Among the lines of data below, reproduce only those from the one with "Torso shot of young, fit man. Close up photo" through the one with "Cyclamen in vas", exactly as they stand, both ends included.

# Supplied records
================

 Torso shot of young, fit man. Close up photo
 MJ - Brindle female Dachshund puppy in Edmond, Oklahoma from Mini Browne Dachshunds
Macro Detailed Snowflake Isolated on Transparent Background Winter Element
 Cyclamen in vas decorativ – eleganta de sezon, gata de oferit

================

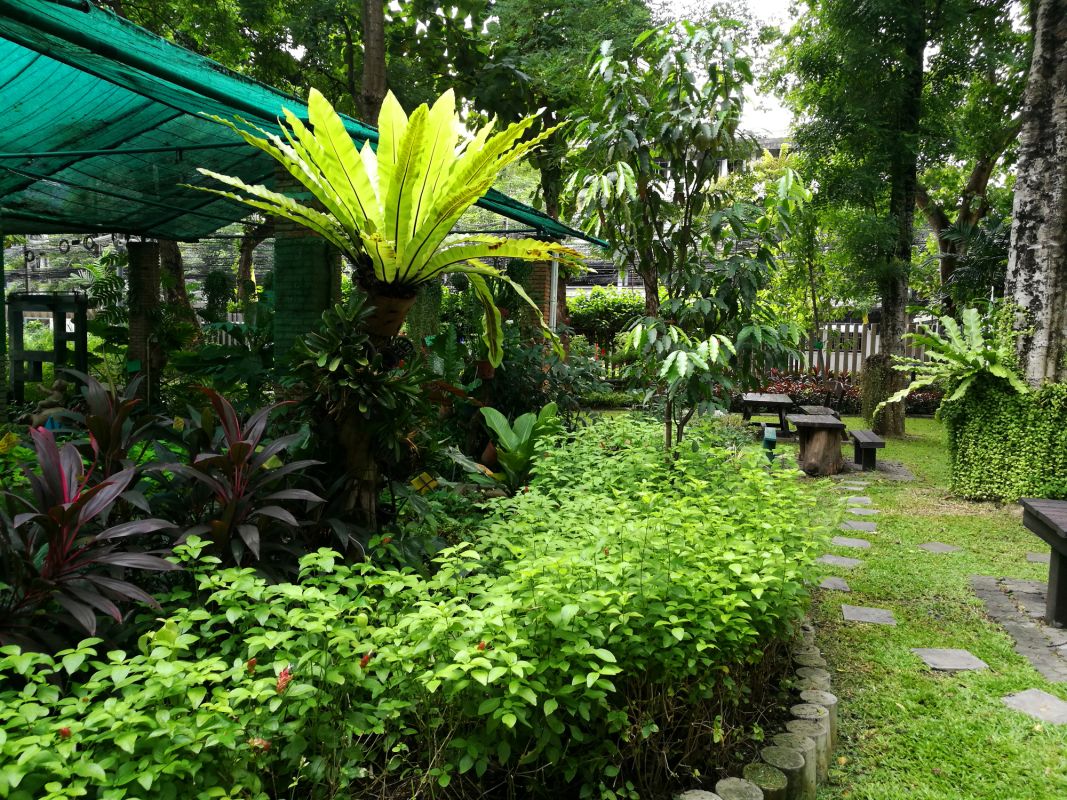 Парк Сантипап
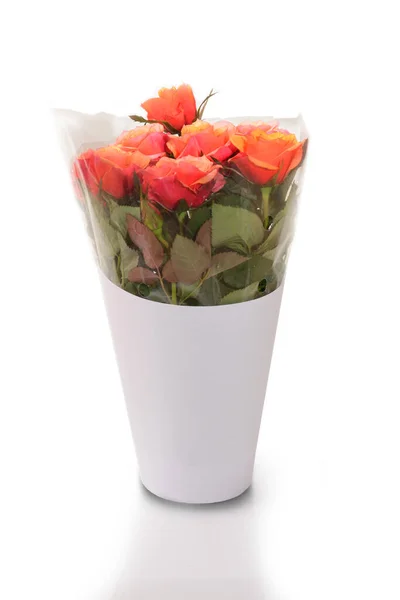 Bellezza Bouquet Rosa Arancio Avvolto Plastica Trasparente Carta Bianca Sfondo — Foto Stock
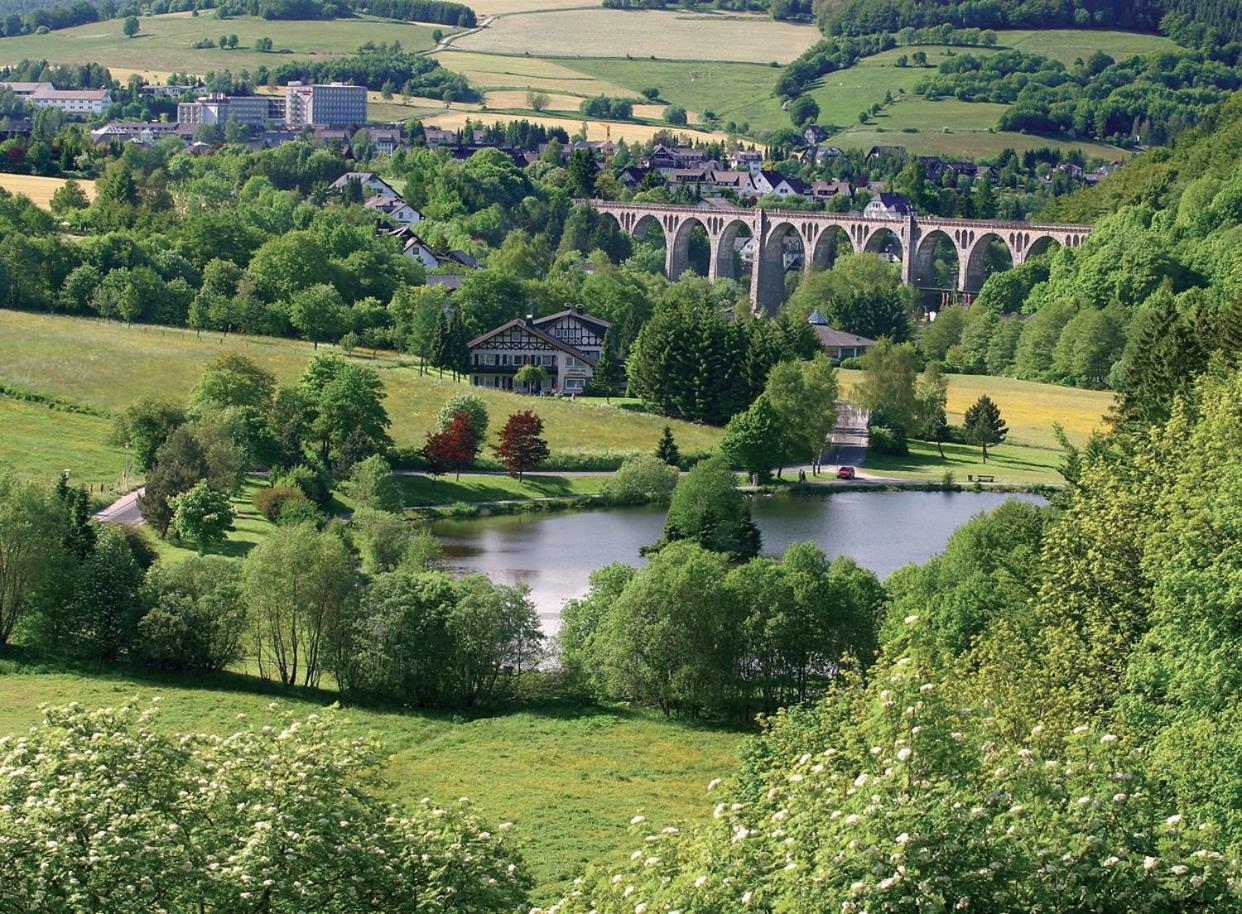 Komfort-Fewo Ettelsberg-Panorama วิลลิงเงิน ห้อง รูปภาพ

================

# Expected answer
 Torso shot of young, fit man. Close up photo
 MJ - Brindle female Dachshund puppy in Edmond, Oklahoma from Mini Browne Dachshunds
Macro Detailed Snowflake Isolated on Transparent Background Winter Element
 Cyclamen in vas decorativ – eleganta de sezon, gata de oferit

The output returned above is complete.